The fight to legalize cannabis in Mexico

Politicians have been urging the approval of the regulation of marijuana.

Mexico City (CNN)When Javier Zaragoza wakes up in the morning, he rolls a blunt for breakfast. He repeats it four times a day.

For the past five years, he's been growing six marijuana plants for personal use at his home in Chimalhuacán, State of Mexico.
"It feels right because it's for personal use. I don't have to buy it from organized crime," he told CNN. "And somehow people no longer see you as a criminal."
    Soon, it may no longer be a crime. In April, Mexico's Senate is expected to approve a new law to legalize cannabis, two years after the country's Supreme Court ruled that it was unconstitutional to ban the drug.
      Mexican President Andres Manuel Lopez Obrador has already signaled his approval of the bill.
      Mexican President Andres Manuel Lopez Obrador has already signaled his approval of the bill.
      The legislation is expected to allow adults from the age of 18 up to smoke marijuana, grow as many as eight plants for personal use, and carry up to 28 grams of pot.

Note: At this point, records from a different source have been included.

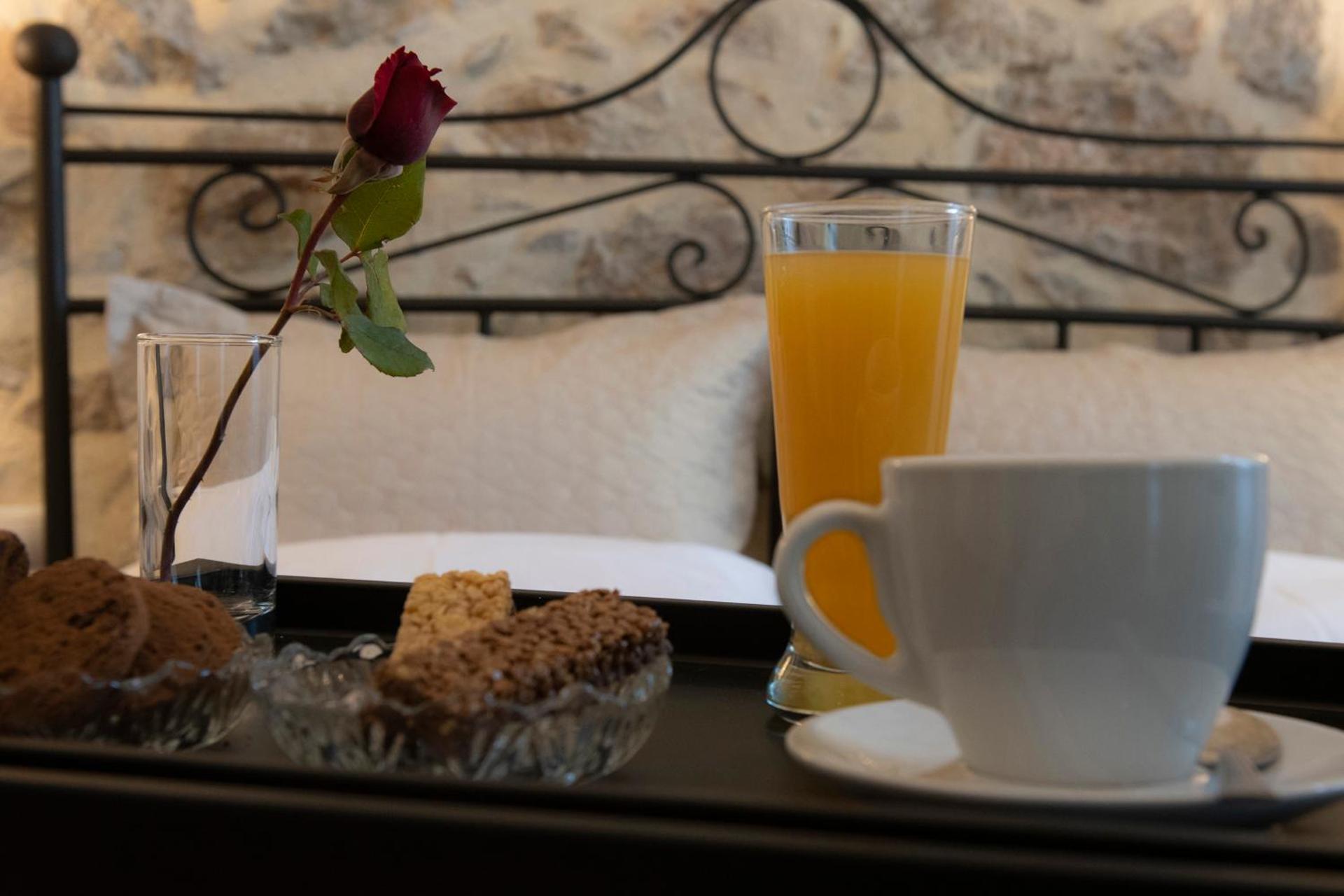 Beautiful City Suites - Photo 21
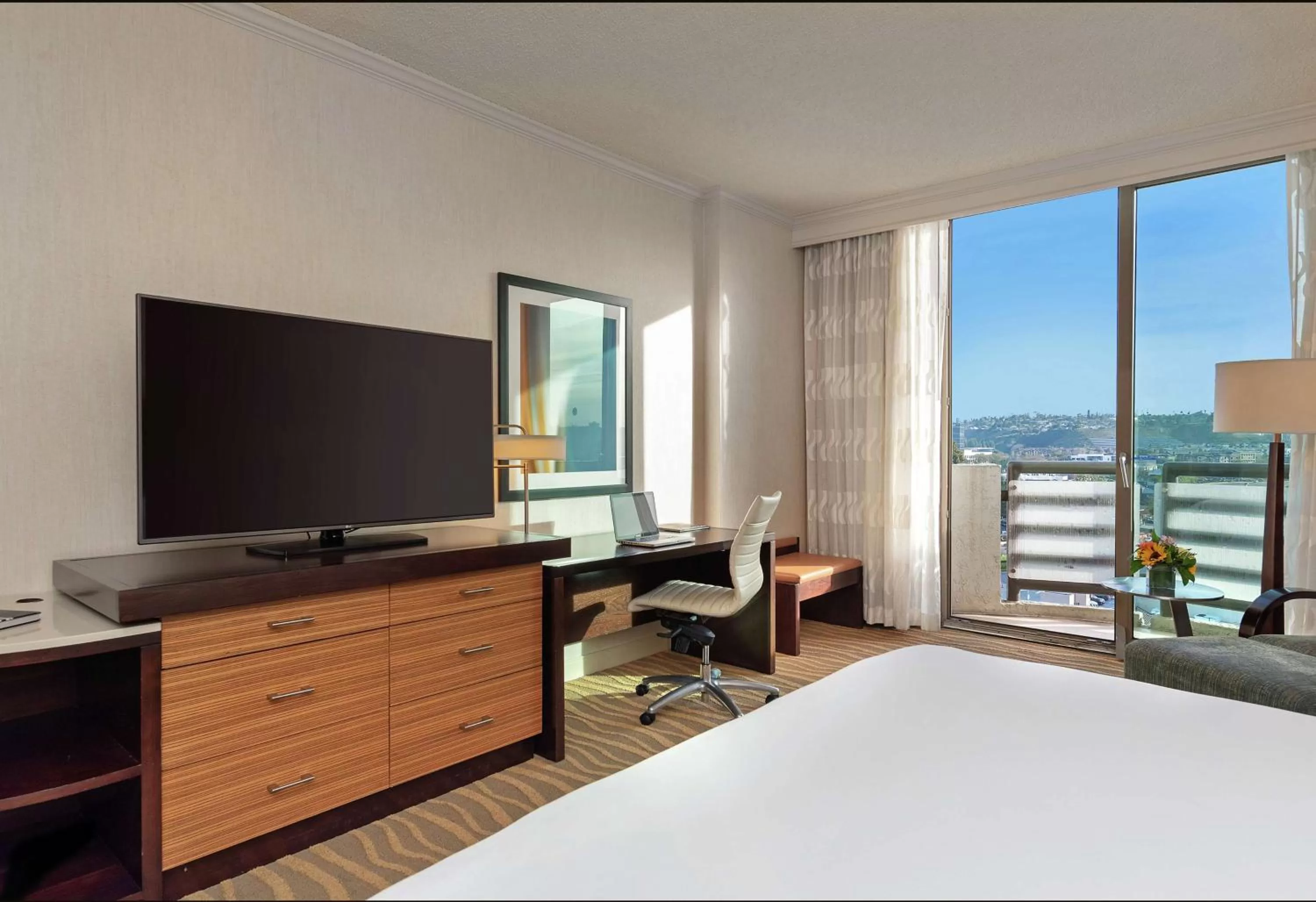 Bedroom, Bed in DoubleTree by Hilton San Diego-Mission Valley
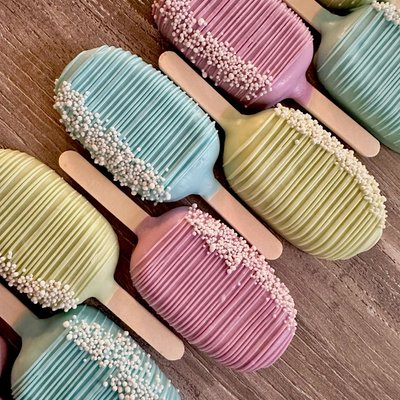 Cakesickles 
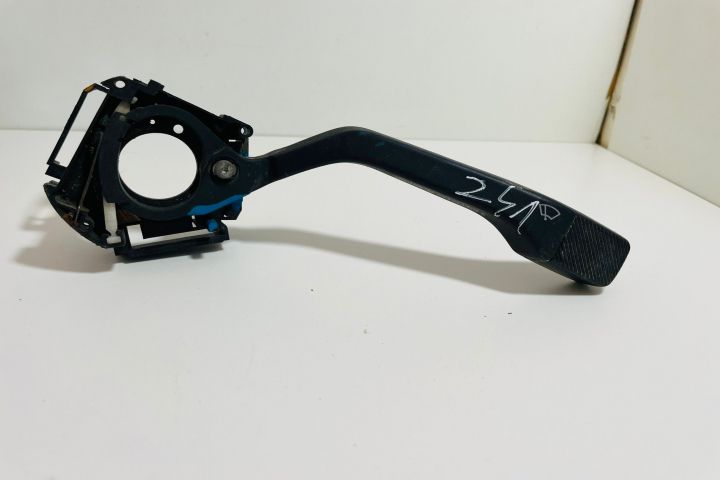 Maneta stergator 333953503K Volkswagen VW Golf a 2-a generatie seria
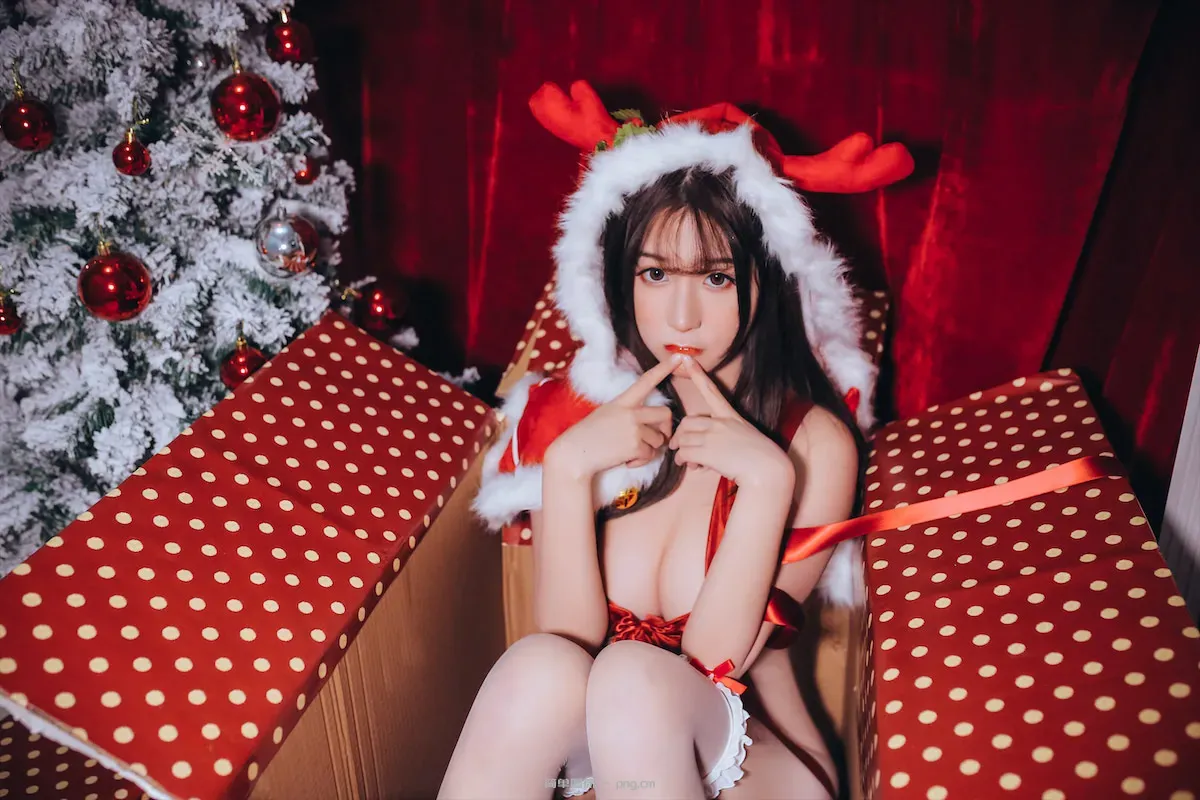 猫九酱红色圣诞礼物47p1v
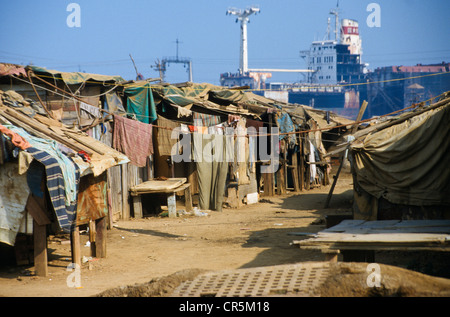 Alang, die größte Shipbreaking Fleckchen Erde, wo die Arbeiter aus den armen Regionen Indiens unter schrecklichen Bedingungen arbeiten Stockfoto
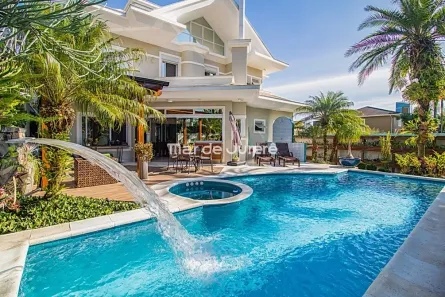 Casa com 5 Quartos à venda, 550m² no Jurerê Internacional, Florianópolis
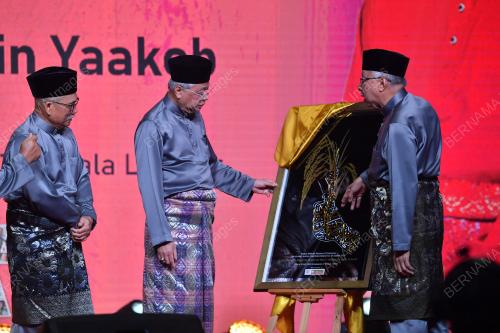 DATUK SERI ISMAIL SABRI YAAKOB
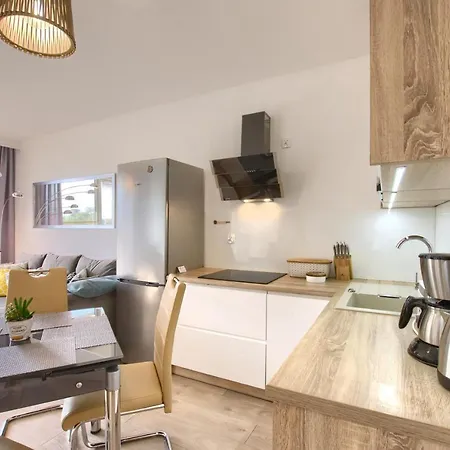Onholiday Apartamenty Ze Strefa Wellness & Family, Ulica Poleska Kolobrzeg Exterior photo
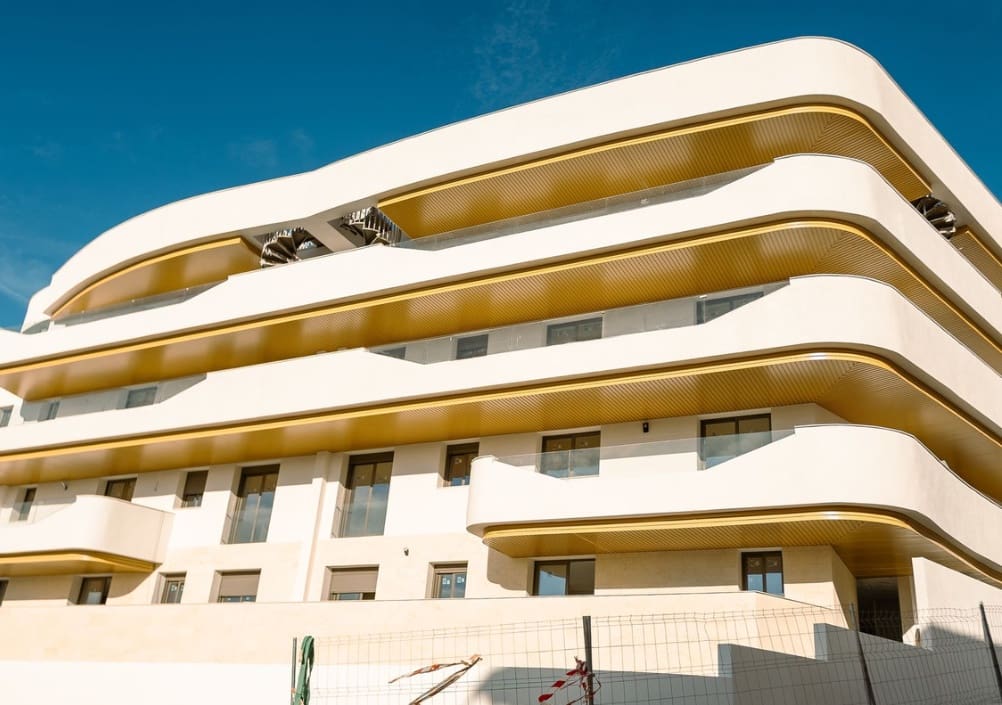 2 bedroom Penthouse for sale in Estepona with pool garage - € 495,000 (Ref: 10020906)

It will also provide licenses to cultivate, research, and export cannabis.
      Zaragoza said that as soon as it becomes law, he will feel safer, "Sometimes I'm scared for the authorities, they can easily arrest me for these plants; this law would make me feel safer at home," he said.
      The General Health Law in Mexico currently allows people to carry up to five grams of cannabis, but carrying more can be cause for prosecution.